Li osservai a bocca aperta mentre si prodigavano in un caloroso abbraccio, mettendo in risalto tanto le loro differenze quanto le somiglianze: avevano le stesse mani, la stessa pelle, lo stesso colore di capelli; Devony, però, era più basso di quasi tutta la testa rispetto al fratello, ed era decisamente più mingherlino e ossuto. Nonostante la statura e l'aspetto mantenuto, il giornalista doveva essere più anziano di Blake di diversi anni.
A dirla tutta, però, io non sapevo neanche quanti anni avesse quest'ultimo.

-Ringrazia il sangue che scorre nelle nostre vene, fratellino. Se non fosse per la madre che condividiamo, non mi farei problemi a mostrarti davanti a tutti quanto poco femmina io sia.-
Persino le loro voci erano simili e velate della medesima cadenza ironica!
-Piuttosto, ti sei visto? Sei addirittura più brutto del solito. Meno male che mi muovo in incognito, almeno non vengo associato alla tua faccia di culo!-

Si diedero un'ultima pacca sulle spalle e sciolsero quella stretta fraterna. Io mi sforzai di richiudere la bocca e osservai inebetita il nuovo arrivato.

-Derek Scott! Ogni volta che ti rivedo hai qualche ruga in più. L'ho sempre detto che la ricchezza porta preoccupazioni e le preoccupazioni portano a una vecchiaia precoce!-

Ok, forse mi ero sbagliata. Dopotutto, quel giorno ci sarebbe stata una scazzottata.

Mi preparai psicologicamente al destro di Derek sul fratello della precedente vittima e... E invece fui delusa. Il padrone di casa fece un cenno di saluto al giornalista e indicò me col capo.

-Tu devi essere Tessa Farrell- constatò Devony, avvicinandosi a me con fare indagatore.
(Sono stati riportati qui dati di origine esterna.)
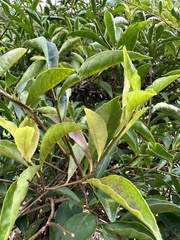 Brunfelsia uniflora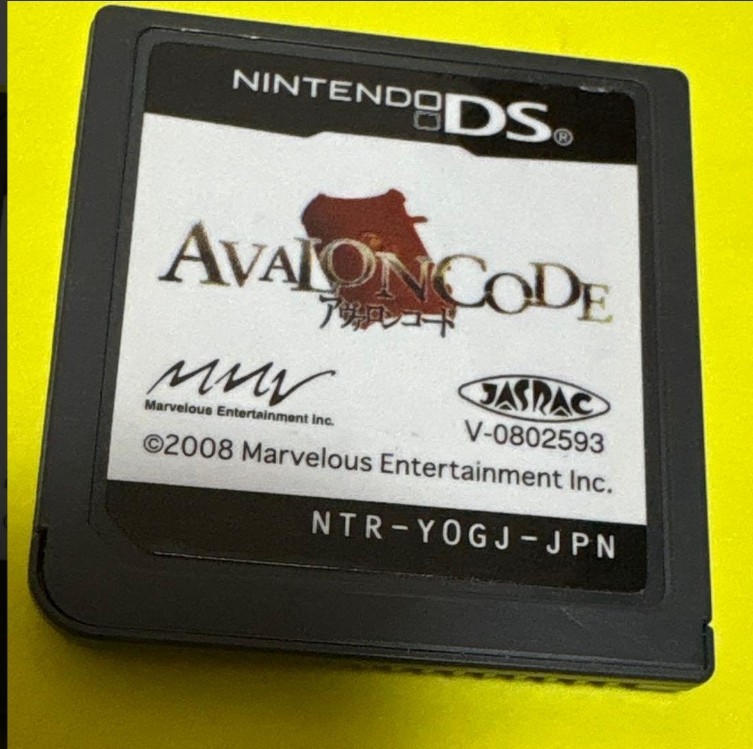 Avalon Code Nintendo DS Cartridge Only Used Japanese ver Tested Action RPG Game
Mi passò una mano sul viso, come per accertarsi della mia reale presenza lì. Fratello diverso, vizio identico: toccare la gente senza permesso.

-Non sei cambiata affatto. Solo un po' più alta e imbronciata- disse con uno strano sorriso.

Ignorai il repentino cambio d'espressione di Derek e Blake, ma non mi lasciai sfuggire la sua affermazione.

-Ci siamo già visti?- domandai.

Mi fissò con insistenza per qualche secondo prima di rispondere: -Sì. Agli esordi della mia carriera, ho lavorato ad Edge, la mia città natale. Eri a malapena una bambina, ma mi ricordo perfettamente di te. E dei tuoi genitori.- 

Mi tese la mano e smise di sorridere. -Lieto di rifare la tua conoscenza.-

La strinsi, cercando nella mia memoria la sua immagine. Niente.

-Devony, accomodati pure in una stanza degli ospiti. Confido che passerai qui la notte, dico bene?- l'ordine di Derek, malcelato come invito, aveva un ché di minaccioso.

L'ospite accettò di buon grado e seguì un cameriere su per le scale.

-Hai un fratello!- dissi in tono d'accusa a Blake.

La guardia fece spallucce e ammiccò. -Ha importanza? Il fratello più sexy lo hai visto quasi tutti i giorni negli ultimi tempi.-

Lasciai al silenzio l'arduo compito di ammazzare la sua ironia da due soldi e guardai Derek sparire al primo piano.
Registrai in ritardo le informazioni fornitemi da Devony. Lui e Blake provenivano da Edge, la mia città natia.

La città che mi aveva voltato le spalle.

***

-Cosa diavolo ci fate nella mia stanza?!-

Era sera, quasi notte. 

Dopo cena mi ero fermata a chiacchierare con Mara nella sua camera ed ero andata via solo quando si era addormentata beatamente abbracciata al cuscino.

Decisa a farmi una bella dormita in vista dell'intervista del giorno seguente, mi ero incamminata verso la mia stanza e, una volta entrata, avevo visto quei quattro deficienti seduti sul mio letto.

-Siamo in riunione- Cole mi liquidò con noncuranza, la sua attenzione rivolta altrove.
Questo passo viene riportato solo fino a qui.